The reported outcomes were scrutinized to examine their coverage of the Bangma domains [13] by two researchers (BdV, ME). Per instrument, each of the items/questions was allocated to a certain Bangma domain by two researchers independently. The social and communicative domain was aggregated as a social domain. The psychological domain concerned psychological and cognitive issues. Disagreement was resolved in discussion with a third author (JB).

The main outcome was the proportion of RCTs reporting all-cause mortality, all-cause hospital admission, and outcomes in the Bangma domains (functional, signs and symptoms, psychological, and social).

No distinction was made between primary and secondary outcomes as reported in the studies, as we did not aim to synthesize the data quantitatively.

Data analysis

The number and percentage of studies using outcome measures in the above-mentioned dimensions are described.

As QoL measures were often used and cover all dimensions, we first tabulate QoL measures (disease-specific and non-specific) and subsequently other outcome measures covering at least one dimension (disease-specific and non-specific).

Results

Characteristics of the included studies

Figure 1 shows the selection of the 106 RCTs included in this review, and Table 1 summarizes the characteristics. Of all included trials, 77 (73 %) had a population of ≥50 patients, of which 60 trials had a population of ≥100 patients. Of all trials, 29 % concerned drug interventions and the remainder investigated non-drug interventions (e.g. exercise and diet) or health service interventions. Most trials (72 %) included patients from all NYHA classes.

Fig. 1.

Fig. 1

Inclusion of the studies

Table 1.

Characteristics of the trials (n = 106), reporting of comorbidity, and exclusion based on comorbidity

No. of studies (%)
Mean age in years (range)a 67.6 (37.2–80.4)
Proportion of male subjectsa 66.7
Chronic heart failure 98 (92)
Type of intervention
Drug intervention 31 (29)
Non-drug intervention (e.g. surgery, exercise and dietary interventions) 48 (45)
Health service intervention (e.g. nurse-led (tele)monitoring, multidisciplinary monitoring, education on CHF management) 27 (26)
Sample size median (IQR) 111 (46–265)
NYHA classification used in inclusion
Only I–II 3 (3)
Only II–III 22 (21)
Only III–IV 5 (5)
All 76 (72)
Excluded conditions
Diabetes mellitus 12 (11)
Hypertension 10 (9)
Other cardiovascular disease including dyslipidaemia 71 (67)
Other non-cardiovascular disease 72 (68)
Type of conditions reported
Diabetes mellitus 63 (59)
Hypertension 58 (55)
Other cardiovascular disease including dyslipidaemia 58 (55)
Other non-cardiovascular disease 42 (40)

aCalculated over all studies

Reported outcomes in heart failure RCTs

A total of 50 (47 %) trials reported all-cause and cardiovascular mortality, 12 (11 %) reported only all-cause mortality, and 5 (5 %) only cardiovascular mortality. For hospitalization, this was 29 (27 %) for all-cause and cardiovascular, 3 (3 %) for only all-cause, and 26 (25 %) for only cardiovascular hospitalization.
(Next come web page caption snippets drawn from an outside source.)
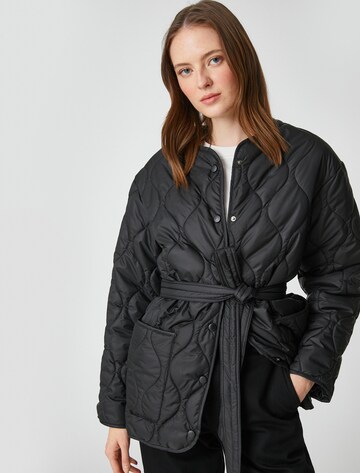 Koton Jacke in Schwarz: Vorderseite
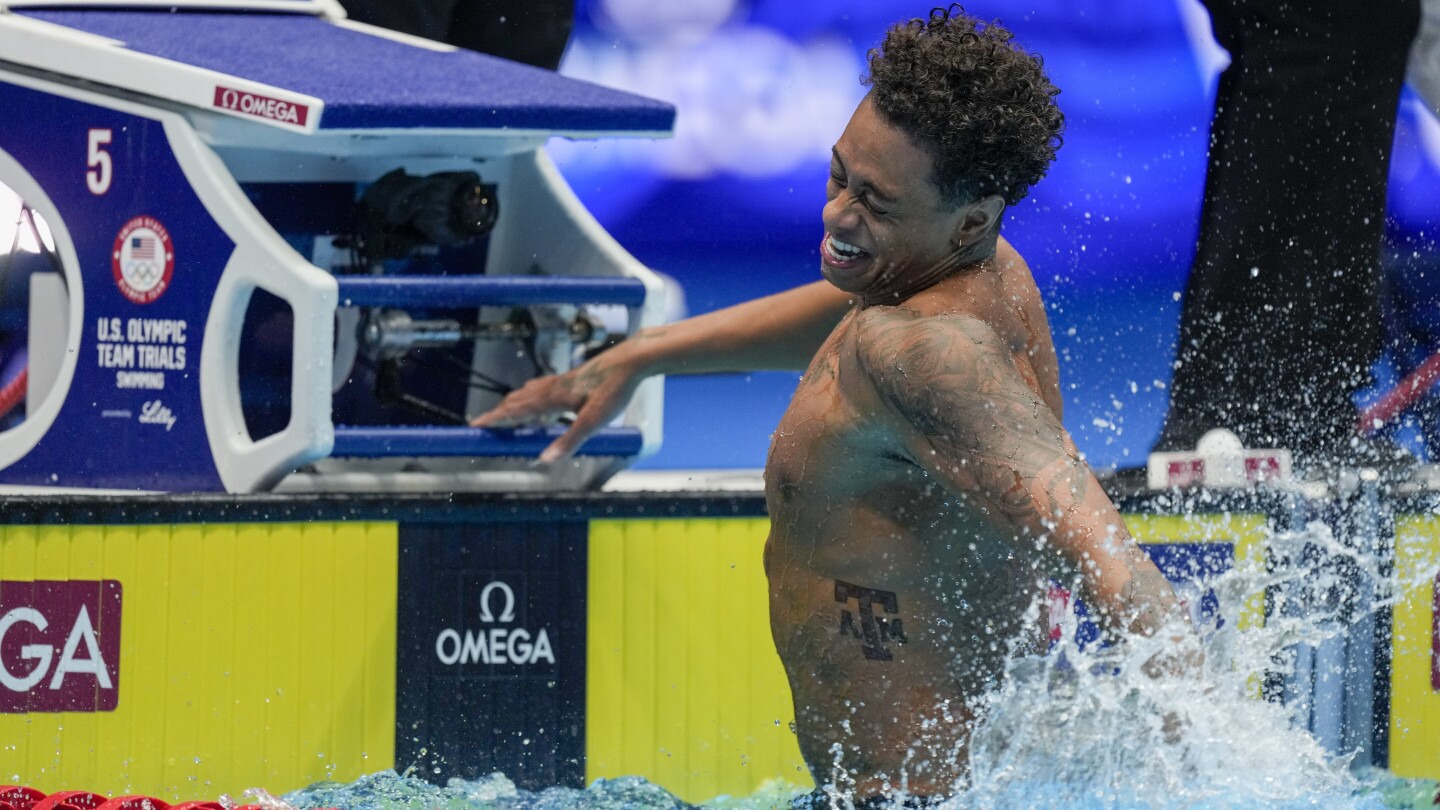 Shaine Casas finally makes U.S. Olympic team, Chris Guiliano's big week continues at swim trials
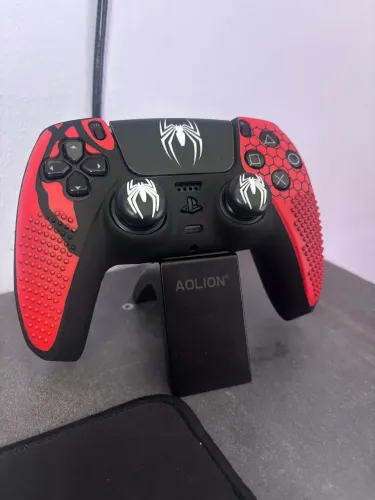Controle DualSense - PS5 Com Skin do homem aranha!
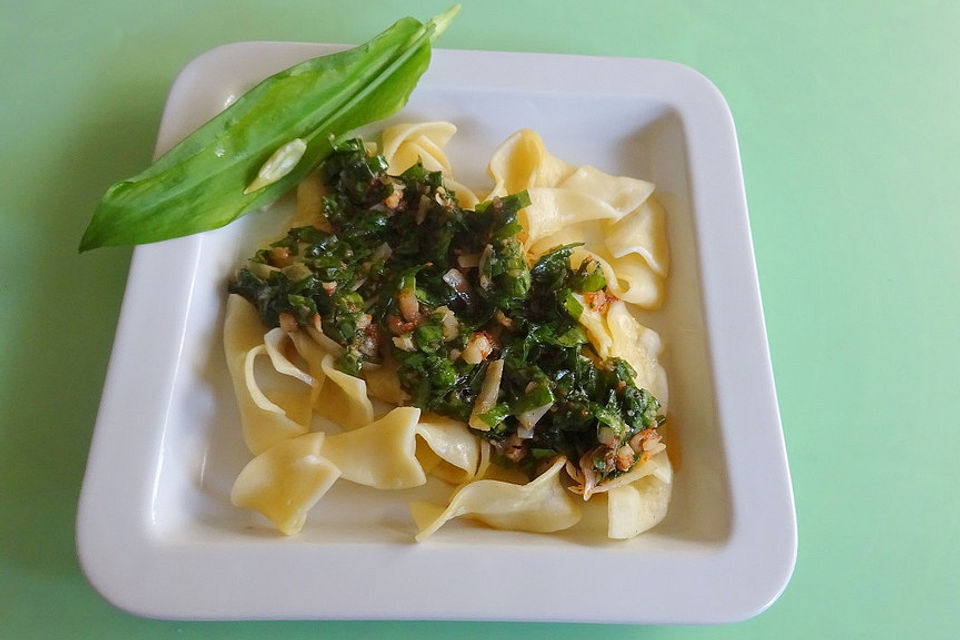 Linguine mit Bärlauchpesto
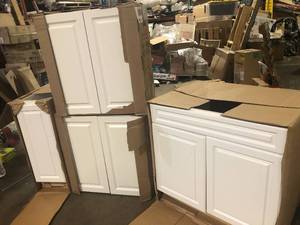lot 24 image: Lot of Assorted Kitchen Cabinets Various Sizes and Conditions Customer Returns See Pictures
A total of 68 (64 %) trials studied outcomes in the functional domain, 80 (75 %) in the domain of signs and symptoms, 65 (61 %) in the psychological domain, and 59 (56 %) in the social domain. For the group of drug trials this was 39, 74, 39, and 32 % respectively, for health service interventions this was 67, 67, 63, and 56 %, and for the remaining non-drug trials this was 79, 81, 75 and 71 %. No goal-oriented outcomes were used in any of the studies.

In three RCTs (3 %), only surrogate outcomes (e.g. cardiopulmonary exercise tests, blood pressure, pulse rate, ECGs, pro-BNP and other biomarkers) were reported.

Outcome instruments used

In total, 60 (57 %) trials used QoL instruments; 9 studies used two QoL outcomes, and two studies used three QoL outcomes. Disease-specific QoL instruments were applied more than twice as often as non-disease-specific instruments: 48 (45 %) versus 22 (21 %) trials. Of the instruments other than QoL, in 51 (48 %) trials disease-specific instruments for outcome measurement were used and in 38 (36 %) trials non-disease-specific instruments were used.
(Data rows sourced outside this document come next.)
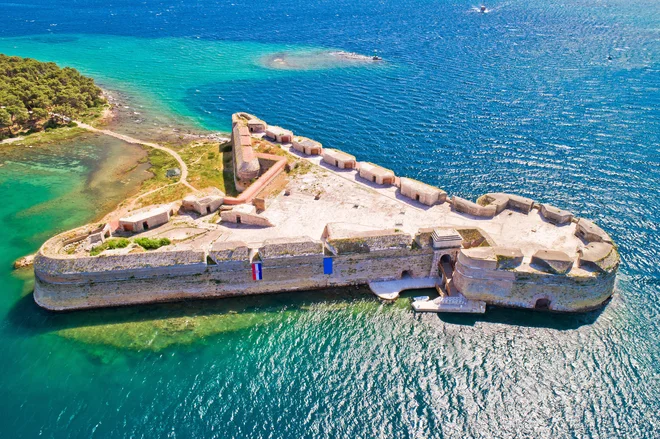 A world -famous corner in the Adriatic. The fortress of St. Nikola. Photo: Shutterstock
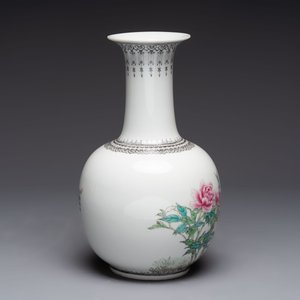 Six Chinese famille rose vases, 20th C. — 照片 11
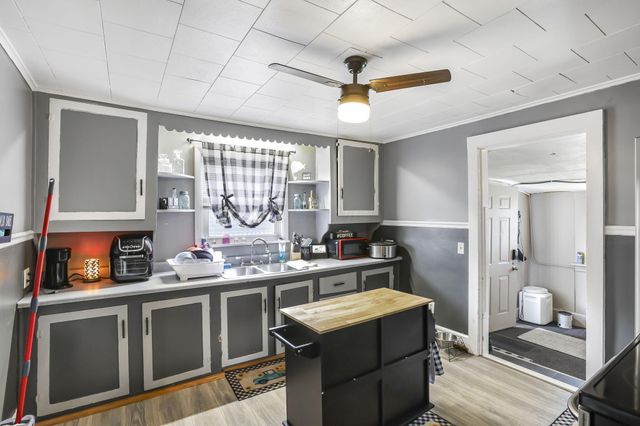 93 S 4th Street, Newark, OH 43055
Table 2 provides an overview of the instruments used in more than one study and covering all Bangma domains. QoL scales contain items on all Bangma domains.

Table 2.

Instruments used in more than one study and covering the Bangma domains

graphic file with name 10741_2015_9476_Tab2_HTML.jpg

MLHFQ minnesota living with heart failure questionnaire [30], KCCQ Kansas City cardiomyopathy questionnaire [31], McNew McNew QoL after myocardial infarction questionnaire [32], SF short-form 12 and 36 [33], EQ5D Euro quality-of-life 5D [34], AQoL assessment quality of life [35], NYHA New York Heart Association, VAS visual analogue scale, HFSS heart failure symptom scale [36], 6MWT six-minute walking test [37], RPE rating of perceived exertion [38], BDI Beck’s depression inventory [39], HADS hospital anxiety and depression scale [40]
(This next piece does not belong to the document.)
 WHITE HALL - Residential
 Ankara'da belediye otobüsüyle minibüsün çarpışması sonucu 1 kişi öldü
Other disease-specific and non-specific patient-relevant outcomes relating to one or more of the domains which were used in a single study only (and not included in Table 2) were as follows: various outcomes for depressive symptoms or cognition (n = 9 trials), various outcomes for activity or energy expenditure (n = 5 trials), outcomes for heart failure symptoms (n = 4 trials), outcomes related to sleep quality (n = 3 trials), outcomes measuring treatment satisfaction (n = 2 trials), and outcomes related to patients’ perception of control over their condition (n = 1 trial).

Discussion

Main findings

In this review of heart failure RCTs, we found a relatively broad range of potentially patient-relevant outcomes addressing mortality, hospitalization, and outcomes in the Bangma health domains. This finding is promising and may demonstrate an awareness of the importance of a variety of outcomes that are desirable for patients. However, none of the trials reported goal attainment in accordance with patients’ individual preferences. Whereas all-cause mortality and hospitalization were more frequently measured than their disease-specific counterparts, the majority of patient-reported outcomes measured were still based on disease-specific instruments. Almost two-thirds of the trials studied outcomes in at least one of the four domains of health (i.e. functional domain, domain of signs and symptoms, psychological domain, or social domain): of these, signs and symptoms were by far the most investigated, and functioning and the psychological and social domains were the least investigated. Remarkably, non-drug trials used other patient-relevant outcomes than signs and symptoms about twice as often than drug trials.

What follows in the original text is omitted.